Zeta Crucis is a binary star system in the southern constellation of Crux. Its name is a Bayer designation that is Latinized from ζ Crucis and abbreviated ζ Cru or ζ Cru. This system is visible to the naked eye as a point of light with an apparent visual magnitude of 4.06^{m}. Based on parallax measurements, ζ Crucis is located at a distance of about 353 ly from the Sun. It is a member of the Lower Centaurus–Crux subgroup of the Scorpius–Centaurus association.

This is a double-lined spectroscopic binary star system. The spectrum matches a B-type main-sequence star with a stellar classification of B2.5 V. It displays pulsational behavior matching a slowly pulsating B-type star and Beta Cephei variable. There is a faint visual companion with an apparent magnitude of 12.49.

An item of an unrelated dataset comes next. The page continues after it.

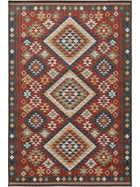 In- & Outdoor Rug Mirena Multicolour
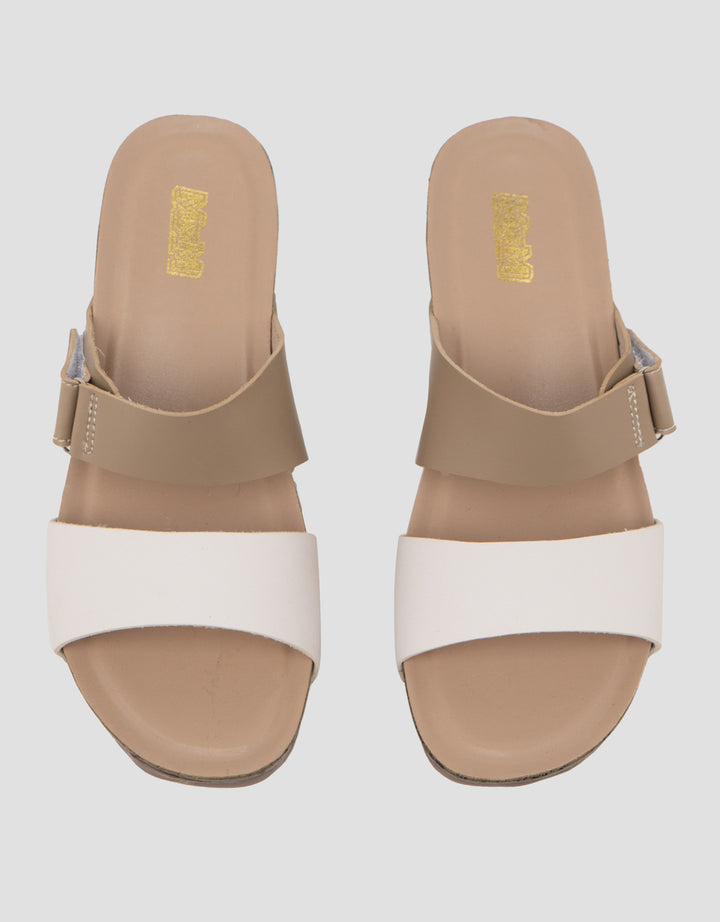 Mxm Nevada Slip On Sl02 Wanita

A K-type companion star has an angular separation of 0.15 arcsecond. This corresponds to a projected separation of about 20 au that would yield an orbital period of around 20 years. A common proper motion companion of type M2 is at a separation of around 11 arcminute. This would correspond to a projected separation of 60000 au. It is about 1.5 magnitudes brighter than expected for its temperature, so it is most likely a pre-main-sequence star.